The Telematics Opportunity for Commercial Insurers

Commercial vehicle

The challenges facing small fleets

Large fleets have been using telematics to support fleet management capabilities and improve business outcomes for years. There’s good reason – fleets using telematics have reported significant improvements in fleet management efficiency, productivity, and fuel consumption.

Small fleets face many of the same challenges as their larger counterparts, including:

  • Increasing safety
  • Improving productivity
  • Meeting regulatory compliance issues
  • Reducing fleet costs

Many small fleet managers are interested in telematics-driven fleet management solutions, but cite the cost of such systems as a major barrier to adoption. With well over half of insured commercial vehicles being part of a small fleet, there is a large portion of the market that is under-served yet ready to jump in if the right solution presents itself.

How telematics-driven fleet management addresses key challenges

Increasing safety

Telematics allows fleet managers to track vehicles and understand how their employees are driving. Risky behaviors such as rapid acceleration and deceleration, hard cornering, and night driving can be tracked and scored, giving fleet managers insights into the relative risk of their drivers. Driver feedback, from the fleet manager or the telematics service provider, can be provided to individual drivers, improving their safety. Finally, geofencing and curfews allows fleet managers to identify when drivers are utilizing vehicles for non-commercial use and address unauthorized use issues with any drivers who are misappropriating commercial assets.

Improving productivity

Telematics has evolved beyond simple start and end location tracking to allow for sophisticated route optimization capabilities. Now, fleet managers have insight into where drivers are and which vehicles they are driving, allowing them to more effectively dispatch assets to address customer needs. Layering in dynamic driving data, such as weather and traffic, drivers can get to their location exactly when customers expect. Better optimized routes and shorter distances traveled reduce fuel usage, saving fleets money. Minute-by-minute vehicle data also allows fleets to curtail vehicle idling, further reducing fuel costs.

One of the largest challenges facing fleet managers is identifying the best way to maintain and repair vehicles. Any vehicle downtime can have a huge impact on productivity. Larger fleets are often able to compensate for a vehicle or two being down for repairs, but small fleets rarely have the capacity to do so. Telematics allows data directly from a vehicle to be translated into information fleet managers can use to identify vehicle issues and address them effectively.  One major benefit is the ability to optimize vehicle maintenance and repair schedules. Small issues, identified by a telematics device, can be postponed while critical problems can be addressed first. If a crash occurs, Octo’s crash and claims management capabilities allow a fleet manager to dispatch emergency services and intervene to send the vehicle to a preferred repair shop.

Meeting regulatory requirements

Telematics is ideal for meeting current and upcoming regulatory compliance challenges as it is automatic, accurate, and verifiable.

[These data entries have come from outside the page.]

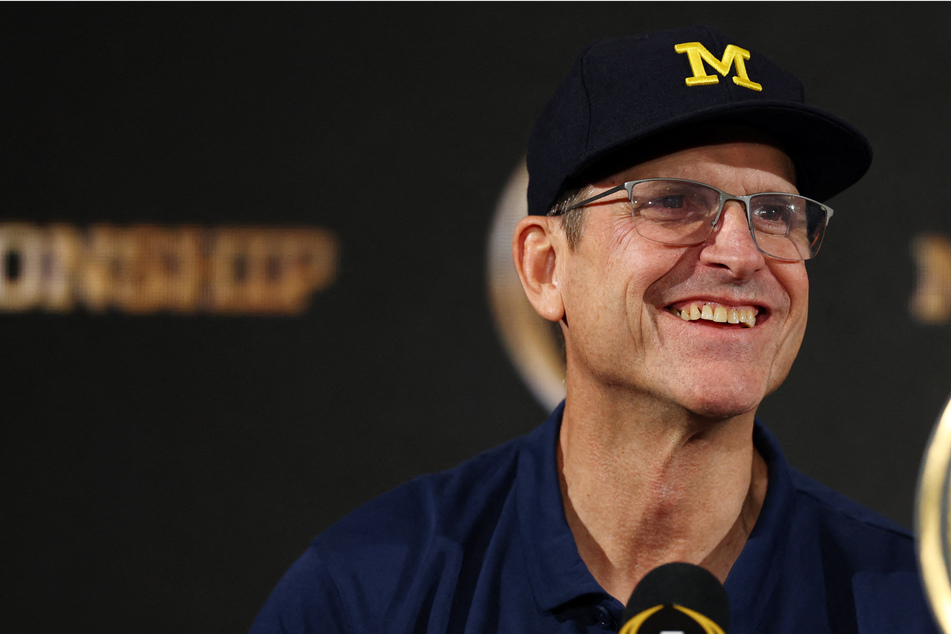 Michigan football saga gets wild with immunity requests from Jim Harbaugh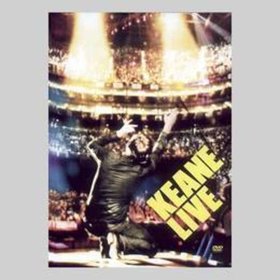 LIVE AT THE 02 USA IMPORT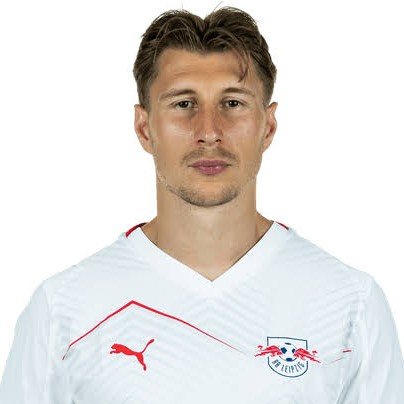 Willi Orban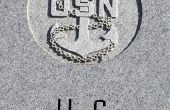 Marine symbolen & logo 's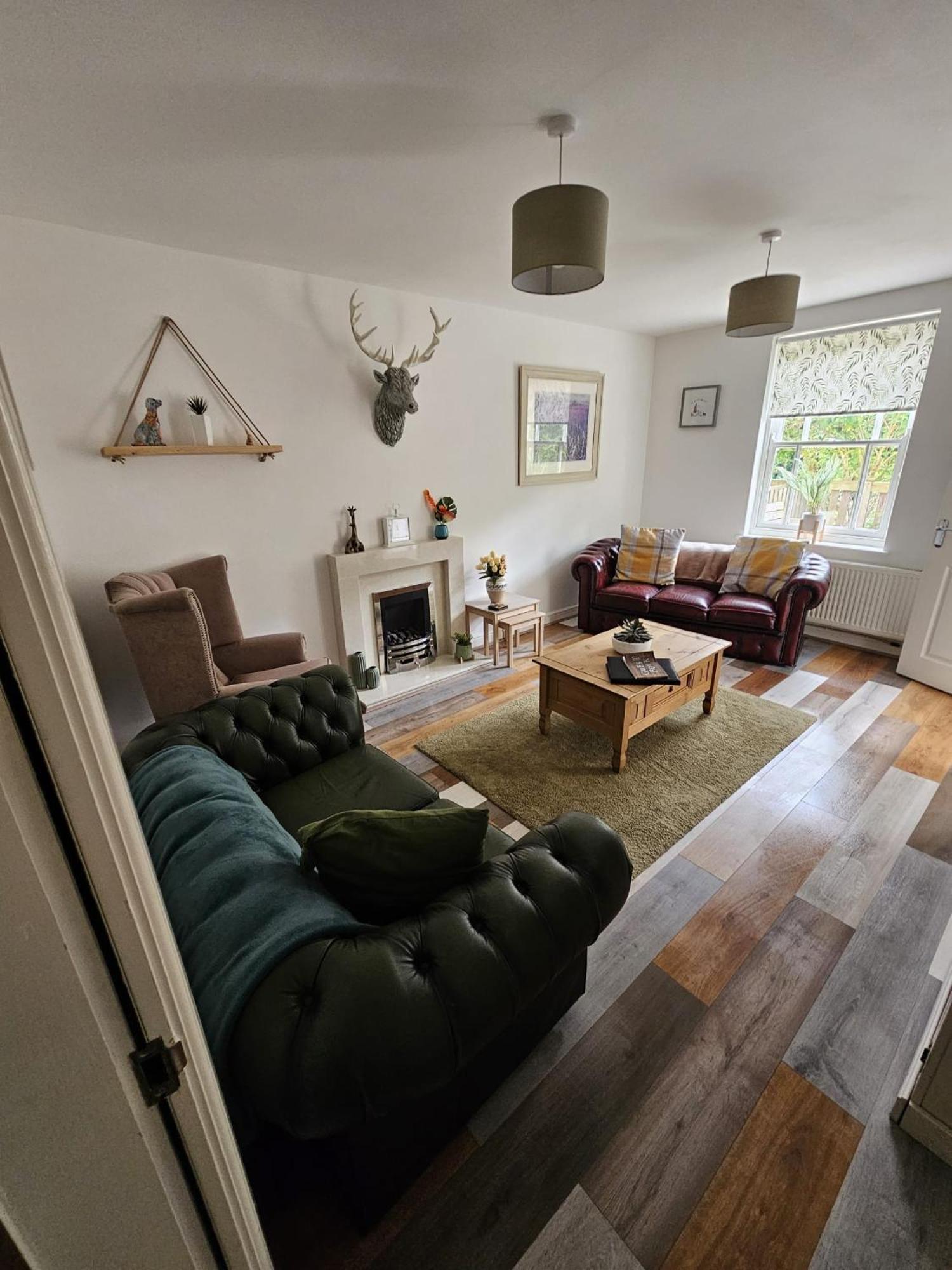 Holiday home Sleeps 8 Matlock/ Matlock Bath Pet Friendly Matlock (Derbyshire)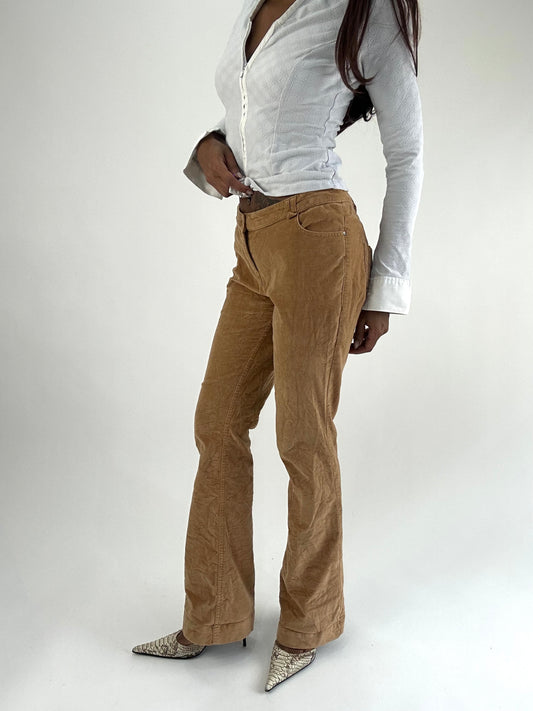 WINTER FAVOURITES | large pimkie orange trousers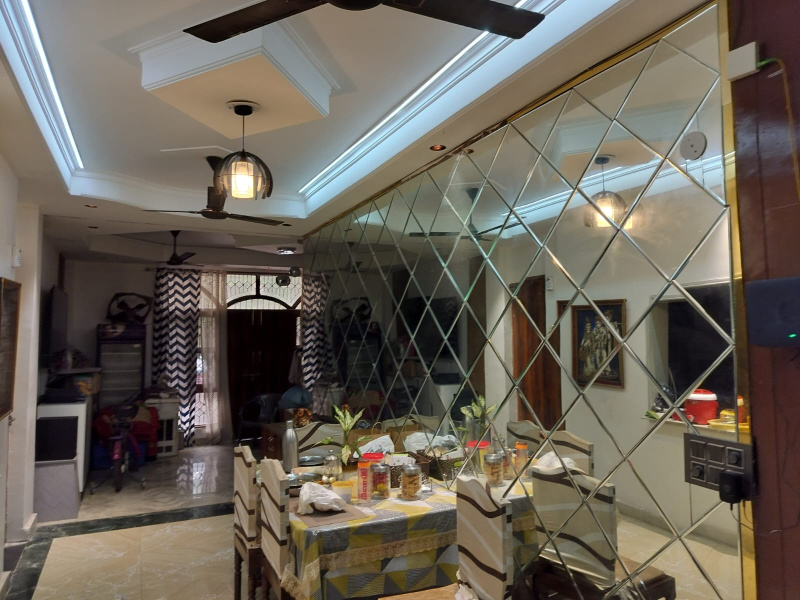 Builder Floor For Sale In Ahinsa Khand 2, Ghaziabad (1500 Sq.ft.)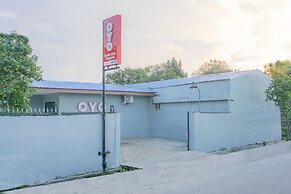 OYO 1811 Citra Anggrek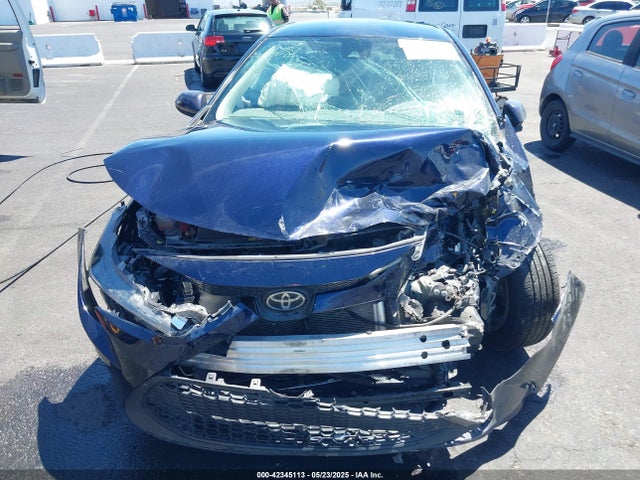 Toyota 2zr-fae 2022 5YFVPMAE5NP291871 Image 11
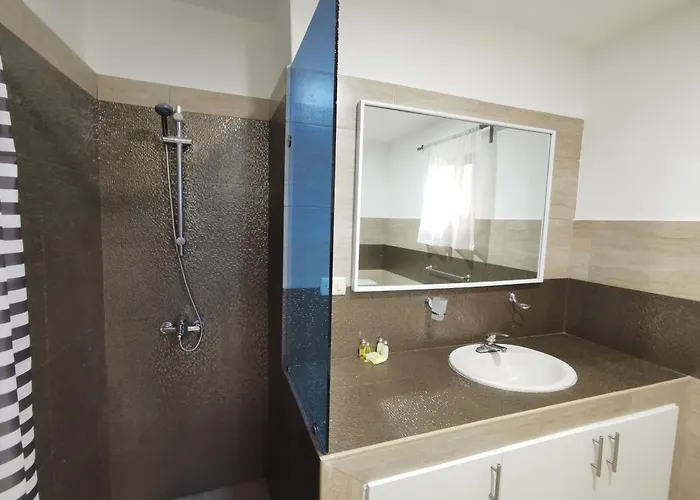 Caribbean Villas Los Corales Beach And Spa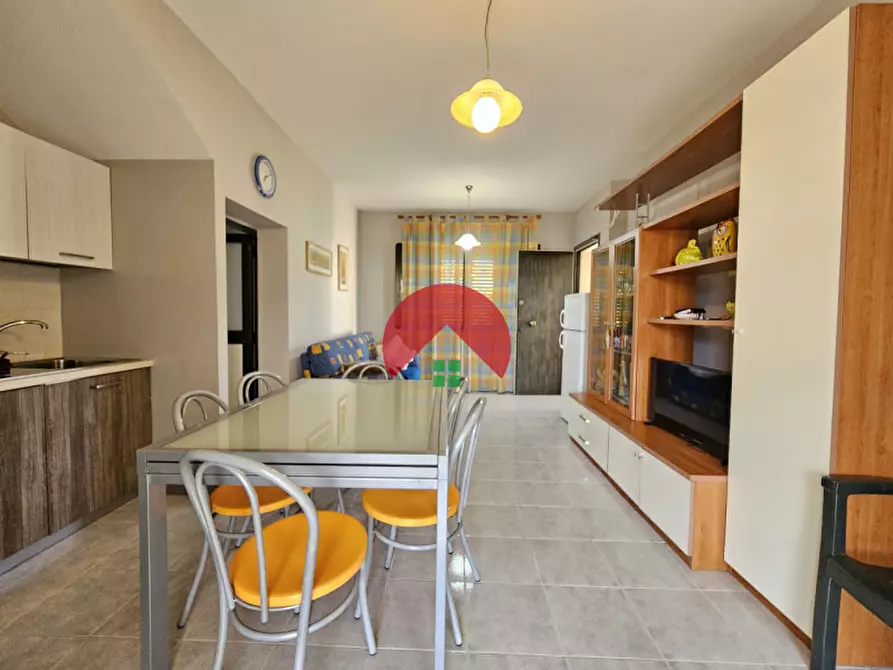 Immagine 24 di Appartamento in vendita  in VILLAGGIO SATIRIA a Bernalda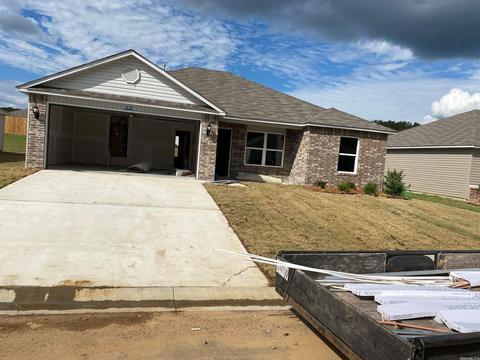 29 Winter Valley Cv, Conway, AR 72032 photo 1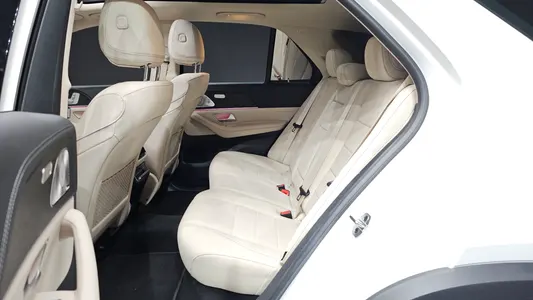 Mercedes-Benz GLE-Class W167 GLE300d 4MATIC 2024 26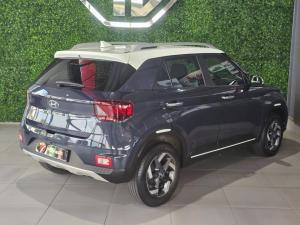 Hyundai Venue 1.0T Glide - Image 4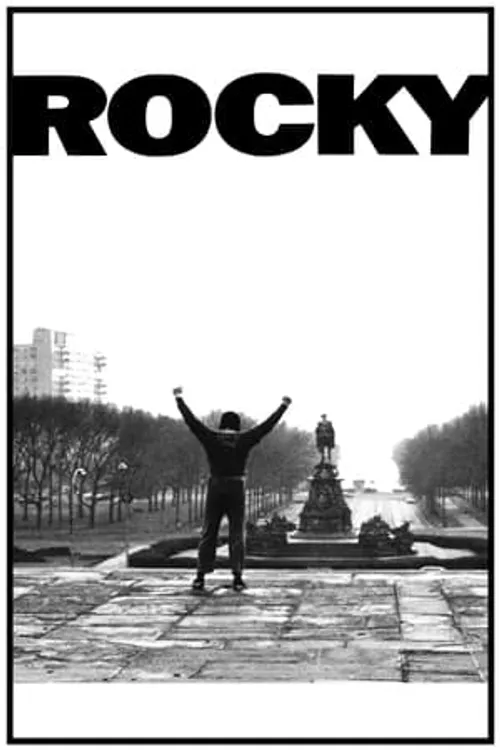 Tay Đấm Huyền Thoại Rocky (Rocky) vietsub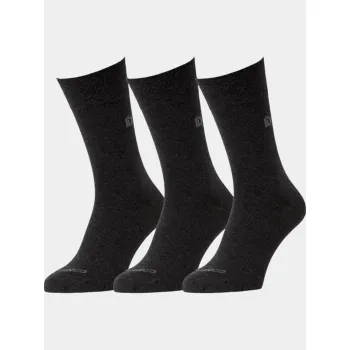 Fundango Basic 3 Pack Socks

Electronic logging device requirements are one such example. In 2018, commercial vehicles will be required to electronically track and report on driving behavior to ensure that all drivers are properly rested and can drive safely. Fleets can go out and purchase ELD systems to become compliant, or use telematics devices to perform the same function. Not all telematics devices are ELD compliant, so fleet managers need to do their research before implementing a system.

Fleets also need to report on fuel efficiency to comply with IFTA fuel tax reporting requirements. When a telematics device can read vehicle systems data, like Octo’s devices, they can also be used to document compliance with these requirements.

Reducing costs

Between reducing fuel costs, cutting maintenance downtime and costs, and reducing the impact of accidents, telematics-driven fleet management can result in significant cost reductions for fleets. Critically, with great asset use optimization and powerful fleet management capabilities, fleets can significantly reduce their spend on additional assets, drivers, and fleet management products.

How insurers can fill the gap

Taken all together, telematics effectively addresses all the major challenges facing fleets large and small. With fleet management systems costing up to $65 per month per vehicle, though, many small fleets find these systems out of reach.

Insurers are uniquely positioned to fill this gap. With the commercial auto combined ratio exceeding 106% in 2016, and a historically high combined ratio over the past five years, insurers need to find ways to reduce their costs. Offering fleet management capabilities to commercial customers, along with other telematics-driven programs such as usage-based insurance and crash and claims management, insurers can realize up to 18% improvement in their combined ratio. This improvement stems from increased customer acquisition and retention through value-added fleet management services, reduced claims costs, and a more accurate understanding of the risk of individual commercial policies.

Octo has recently seen increased adoption of telematics for commercial lines insurers across the United States and expects to see this trend continue.